Stacey Washington, a black conservative columnist with the St. Louis Post-Dispatch, agrees, “I believe the reason we’re seeing more women of color joining this movement to use firearms is because they’re realizing this in not a political issue. It really never has been. It’s about personal safety and protection.”

Washington was recently suspended for running an article in her column that attacked another writer’s anti-NRA piece. A firearms expert, Washington says she has no affiliation with the NRA, but has gone to NRA shows to try out weapons.

Guns are important for women, she says, because “a firearm is an equalizer for women because women have a harder time defending themselves when they’re attacked by a man; men have more body mass.”

Ector too believes that guns can help women defend against men with evil in their hearts, noting, “There’s a huge rape problem here in the state of Michigan.” He believes women are increasingly turning to firearms to deter attackers, and that is why now “women make up half the classes” he teaches.

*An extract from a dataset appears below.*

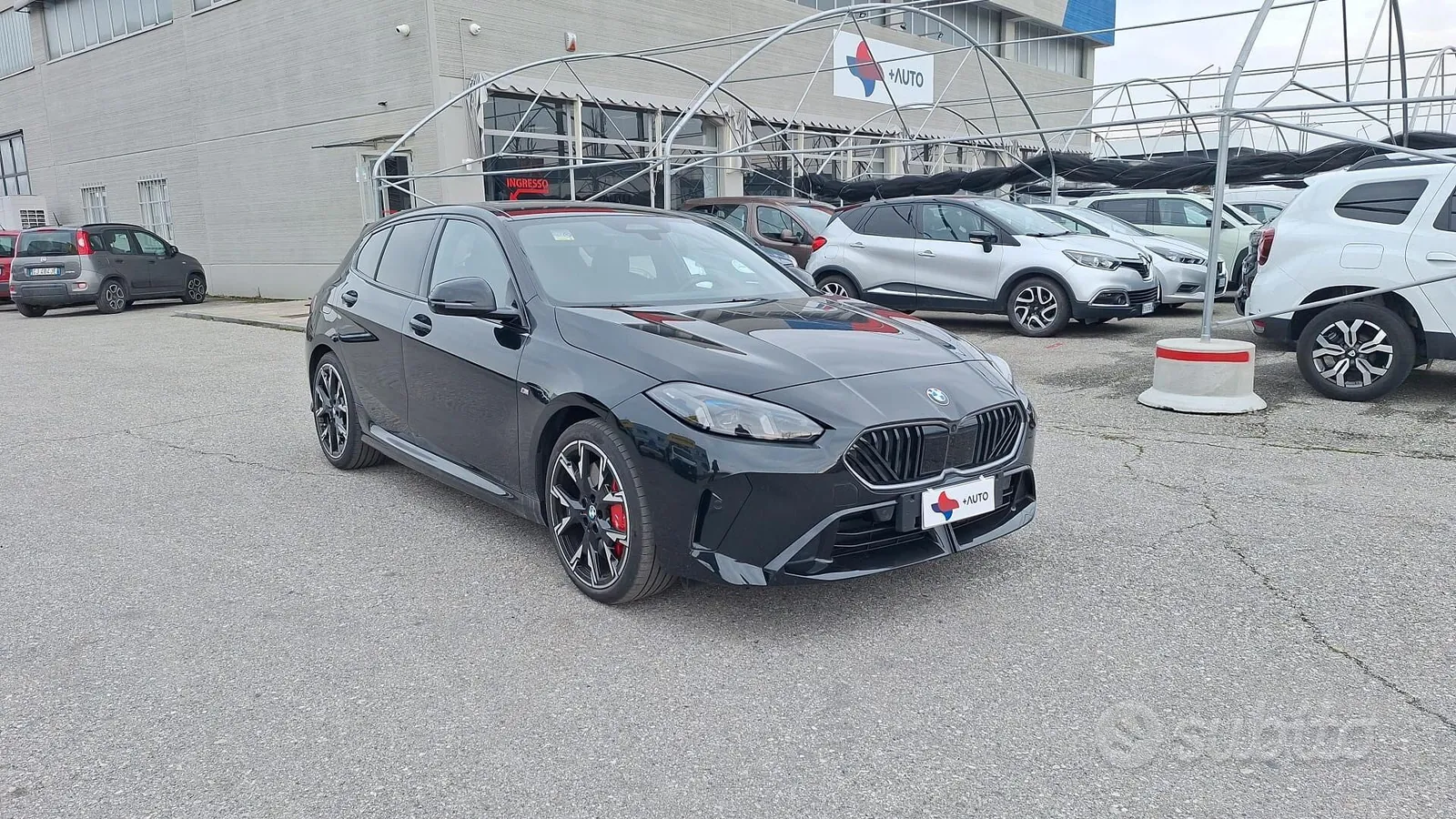 BMW 118 2025 photo 2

Niecee X, a founder of the Black Women’s Defense League, recently told The Guardian that it’s not just bodily harm that has women reaching for firearms — it is the threat of political harm as well. Now that Donald Trump is president, X says, “a lot of people are feeling unsafe.”

Despite the many factors attributed to the uptick, the data show that it is real. Research conducted by John Lott of the Crime Prevention Research Center found that “concealed carry has increased most rapidly among black females. From 2000 to 2015, the rate of growth was 3.81 times faster than among white females.”

NRA spokesperson Catherine Mortensen says that her organization welcomes black women with open arms. “The NRA is a natural home for women firearms owners,” she said. “Women … want to be able to protect themselves and their families.”